Have you tried feeding the same amount but split up into more times a day? This might help make sure his tummy never goes empty. Also, if you feed the last portion several hours before going to bed, try feeding a treat before bed to help hold up the tummy until the morning feed.


----------



## Zoe's Mom88 (Apr 25, 2011)

Bibu said:


> Have you tried feeding the same amount but split up into more times a day? This might help make sure his tummy never goes empty.
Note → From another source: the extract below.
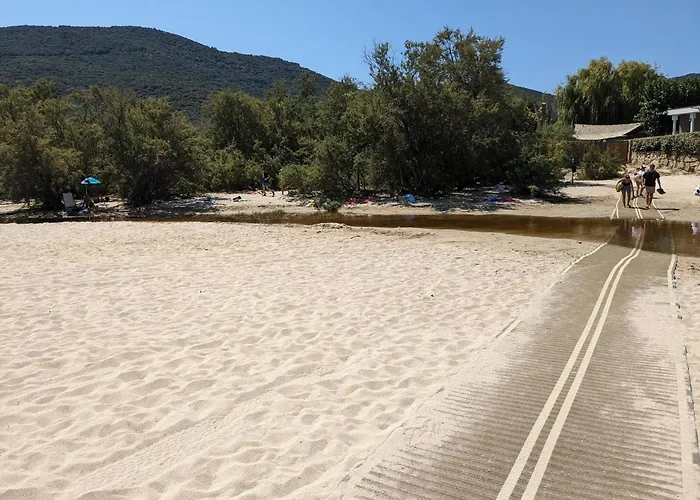 Chalet Near Sandy Beaches *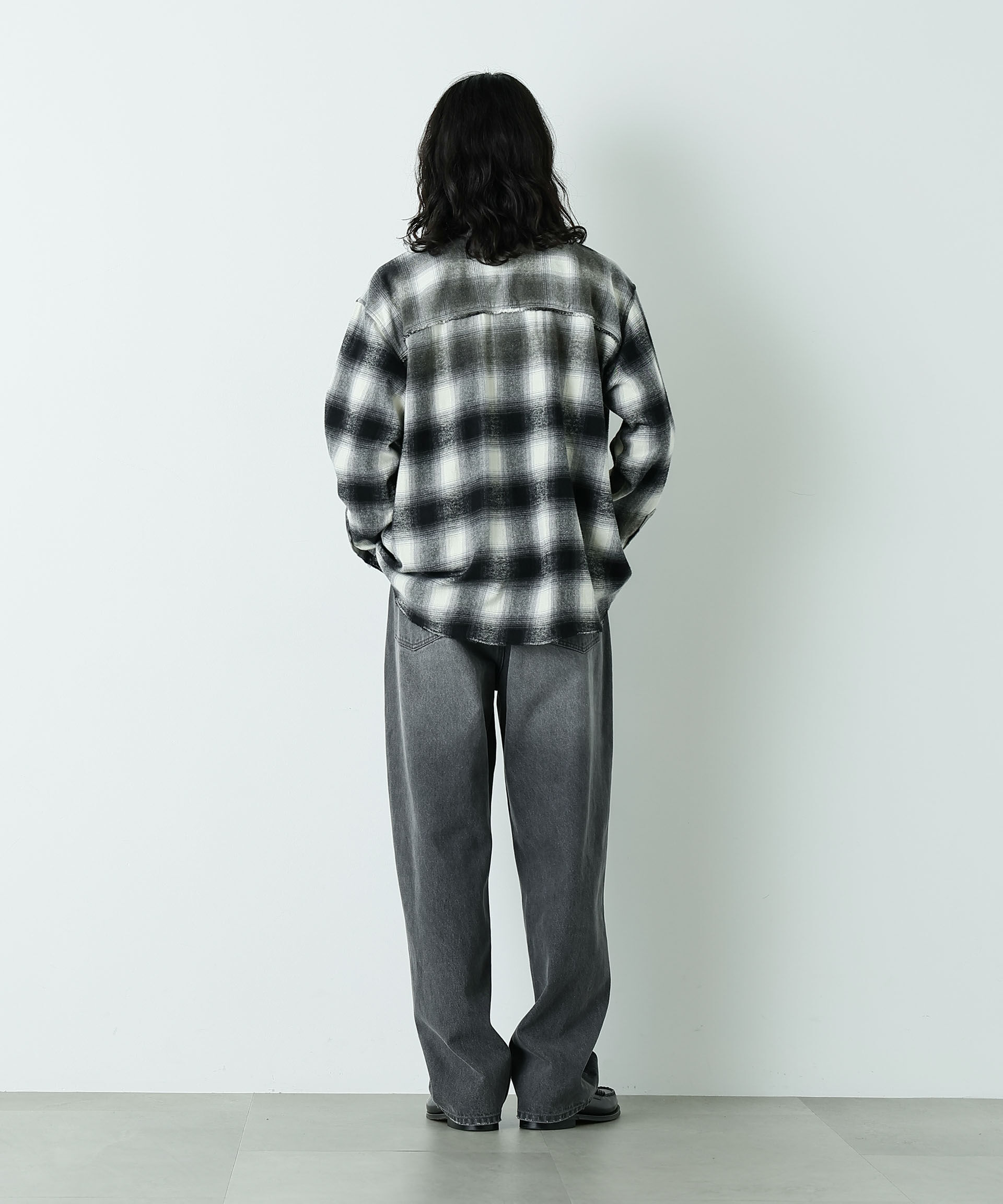 nano･universe「｢HOTEL PALACE｣ フェードデニム ルーズシルエットパンツ」|チノ|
Also, if you feed the last portion several hours before going to bed, try feeding a treat before bed to help hold up the tummy until the morning feed.


That's a good point. How many times a day do you feed him. Maybe his belly is empty for too long.


----------



## maggieh (Dec 16, 2007)

Have you tried giving Pepcid? I believe the dose is 1/4 tablet 2 times daily. That may help with the stomach acid.


----------



## nash (Dec 12, 2012)

I have always let them eat whenever they want. Always food for them in their bowls. (A yorkie also-Nash). Their weight has always been perfect, so I just let them eat whenever. The more I read, I do believe it could be acid reflux. Thanks guys, very good suggestions.


----------



## RE823 (Feb 11, 2012)

I had a Chihuahua that had a very sensitive stomach, I feel your pain... I tried everything over 7 years, but to settle her when she had a bout of vomiting was Prescription ID canned food, it really settled her stomach then we would go back to her normal dog food of nutro for puppy. I found dog food with oatmeal helps and limiting treats. Also not giving too much variety, like if her dog food is chicken based find a treat that is as well... 



hope he feels better soon


----------



## shellbeme (Mar 1, 2011)

There are a couple formulas that are limited ingredient from acana. Acana Duck and Bartlett Pear Dry Dog Food and Acana Lamb and Okanagan Apple Dry Dog Food more info on them found ACANA singles | Acana . 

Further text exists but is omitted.